Maine's Secretary of State is appealing a Superior Court ruling decision that could decide whether voters will use ranked-choice voting in this fall's presidential election.
The appeal follows a decision by the Superior Court that a person circulating petitions for a ballot initiative does not have to be a registered voter while they are collecting signatures, only when they turn them in.
That ruling reversed a decision by Maine’s Secretary of State that had disqualified several hundred names and kept a Republican-backed repeal effort of ranked-choice voting off the fall ballot.
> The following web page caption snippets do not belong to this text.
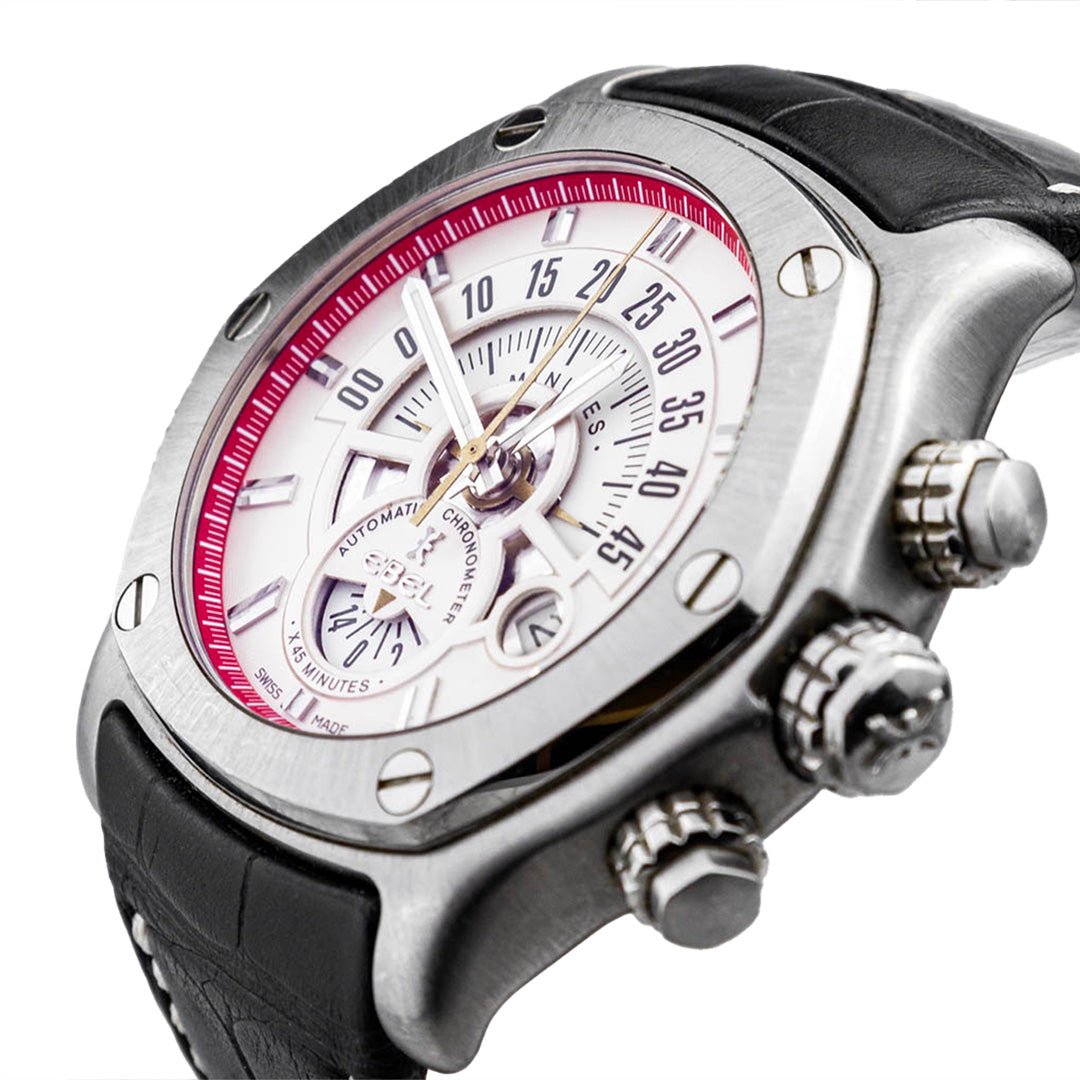 Ebel 1911 Tekton Limited Edition Arsenal occasion - Daniel de Guy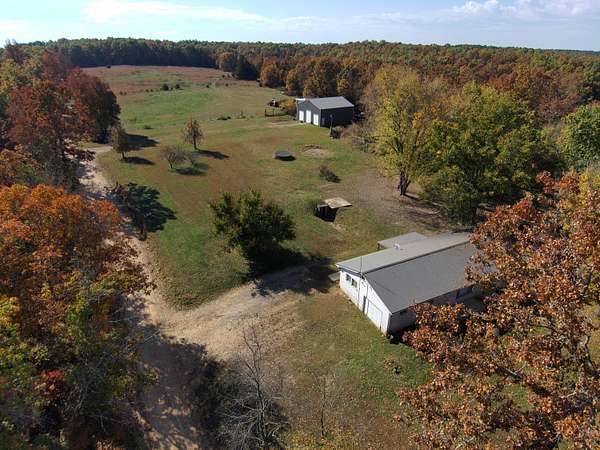58.8 Acres of Land with Home for Sale in Winona, Missouri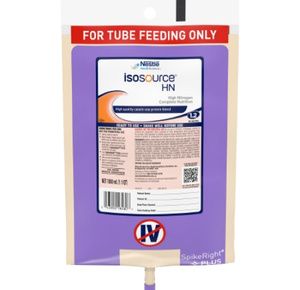 Nestle Healthcare Isosource HN Tube Feeding Formula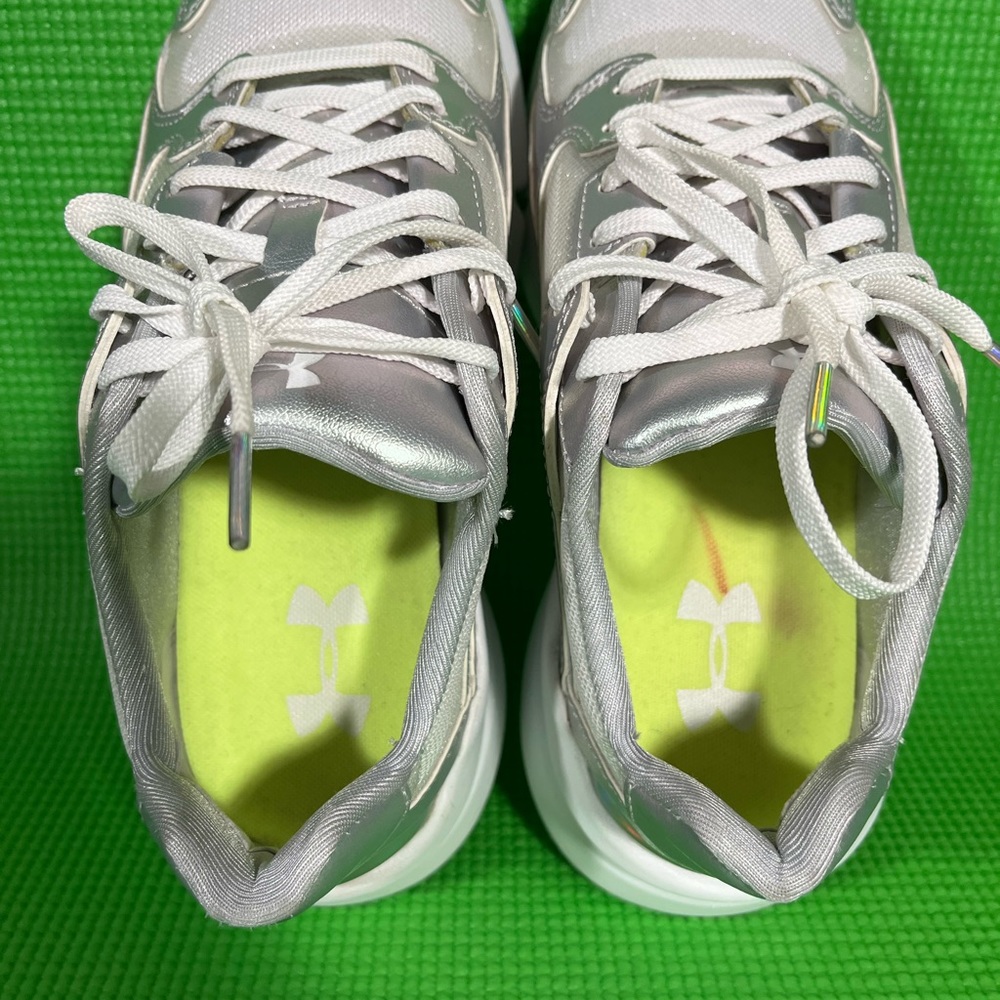 Under Armor Forge 96 HL IRID Women's Synthetic Lace Up Shoe Size 8 - Picture 5 of 7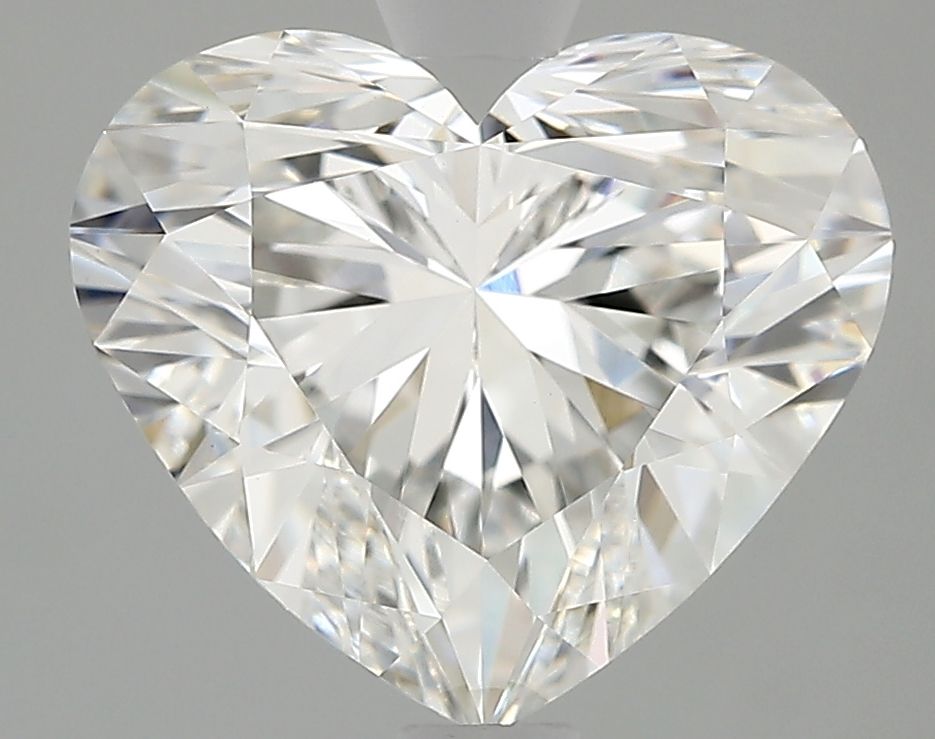 2.53 ct. heart Lab Grown Diamond front image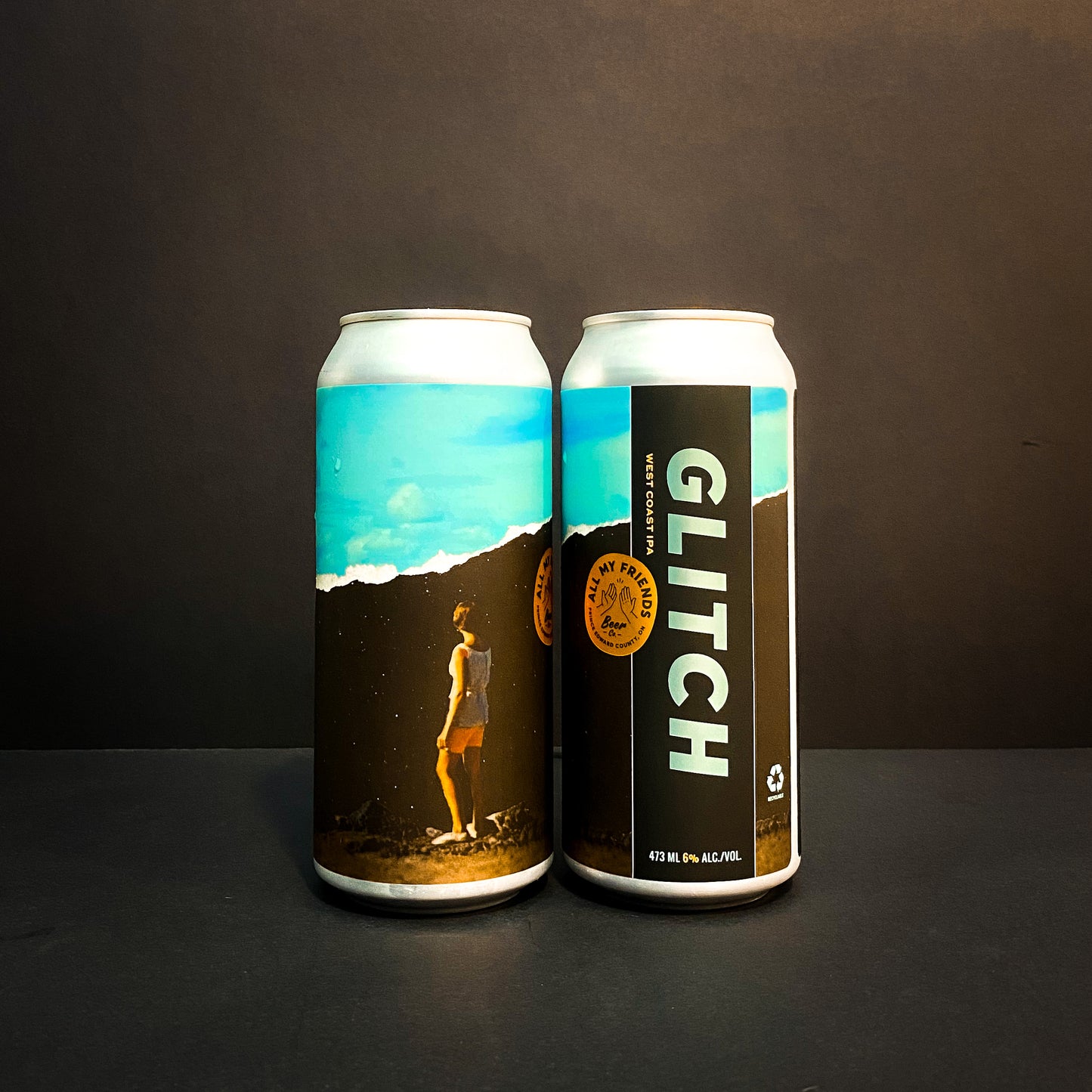 Glitch - West Coast IPA 6% - 473ml Can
In arguments before the Maine Supreme Judicial Court, Assistant Attorney General Phyliss Gardener argued that the lower court was wrong, which prompted a question from acting Supreme Court Chief Justice Andrew Mead: “The Superior Court’s reversal of the Secretary of State’s determination contains an obvious error that still must be corrected and, once corrected, will alter the outcome. But don’t we — in order to reach that — don’t we have to start jumping into the facts of the case down there in order to have a likelihood of success we really have to get down to the nitty-gritty of what the Superior Court did with the math?”
That question is important because the Supreme Court’s role is to interpret the law as applied to the facts in the case and not the facts themselves.
The answer could affect the presidential race in Maine, because if the petitions are ruled valid, then the use of ranked-choice voting would be suspended until voters decide the issue in November.